=== Section Start ===
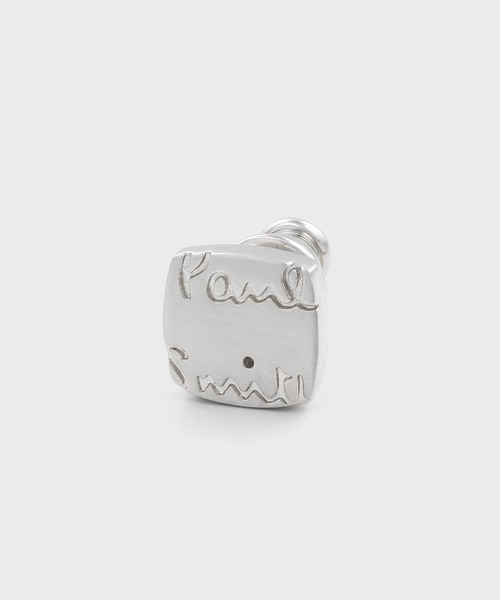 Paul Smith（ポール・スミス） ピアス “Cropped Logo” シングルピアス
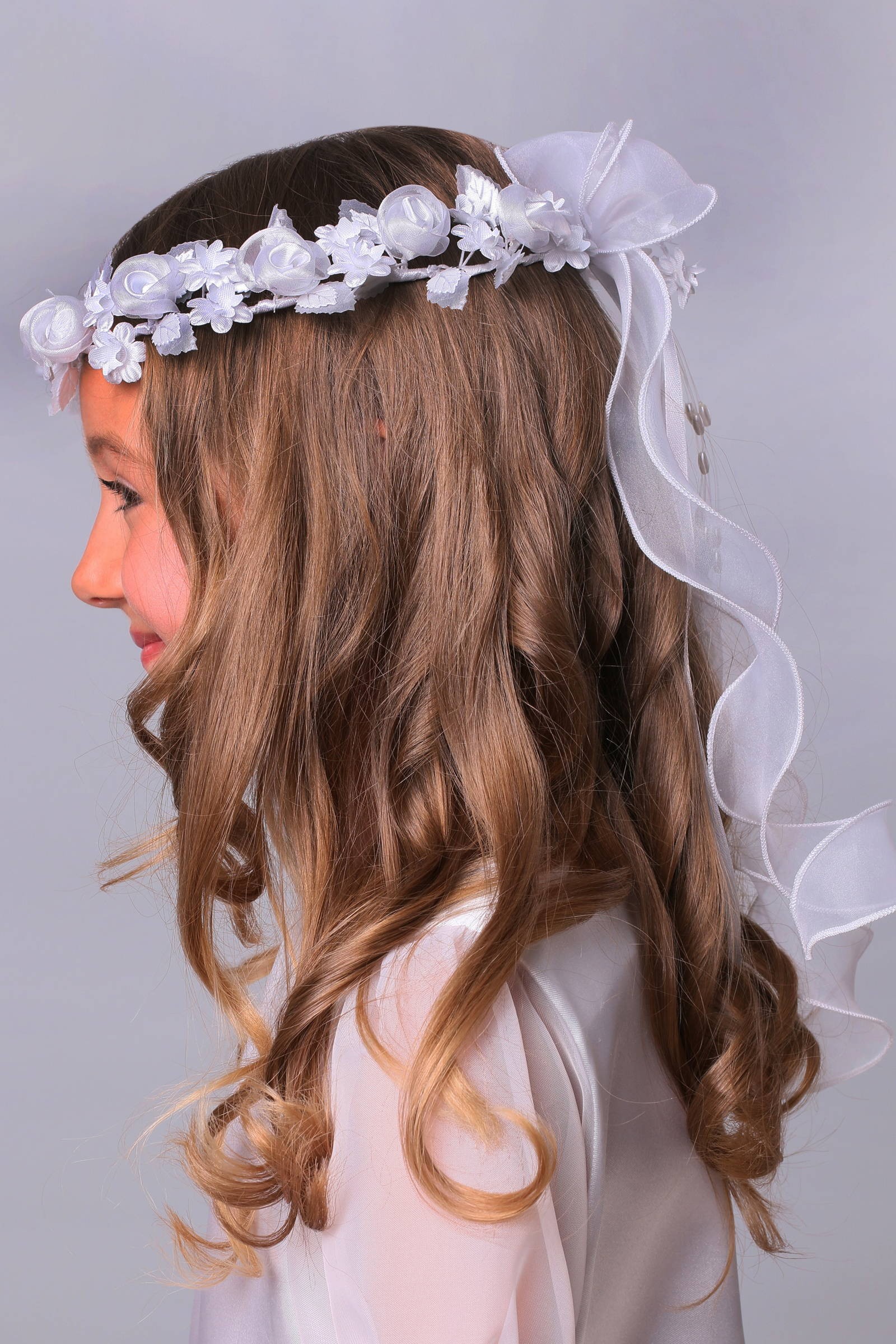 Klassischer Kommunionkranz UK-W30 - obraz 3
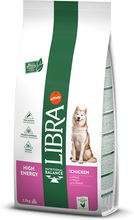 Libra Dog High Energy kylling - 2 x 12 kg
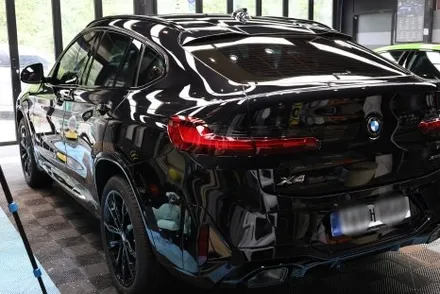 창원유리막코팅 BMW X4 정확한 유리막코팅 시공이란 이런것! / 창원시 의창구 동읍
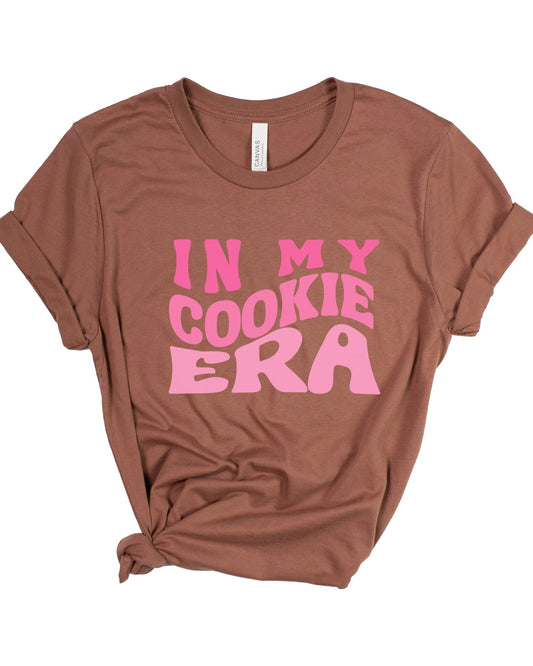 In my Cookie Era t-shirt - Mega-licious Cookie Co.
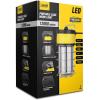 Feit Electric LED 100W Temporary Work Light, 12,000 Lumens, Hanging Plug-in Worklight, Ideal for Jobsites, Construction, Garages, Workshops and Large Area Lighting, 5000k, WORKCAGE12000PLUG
=== Section End ===
Your assignment: The expected output is every line of the data, unchanged, with the pictures skipped.

Finished exercise:
 Paul Smith（ポール・スミス） ピアス “Cropped Logo” シングルピアス
 Klassischer Kommunionkranz UK-W30 - obraz 3
 Libra Dog High Energy kylling - 2 x 12 kg
 창원유리막코팅 BMW X4 정확한 유리막코팅 시공이란 이런것! / 창원시 의창구 동읍
 In my Cookie Era t-shirt - Mega-licious Cookie Co.
 Feit Electric LED 100W Temporary Work Light, 12,000 Lumens, Hanging Plug-in Worklight, Ideal for Jobsites, Construction, Garages, Workshops and Large Area Lighting, 5000k, WORKCAGE12000PLUG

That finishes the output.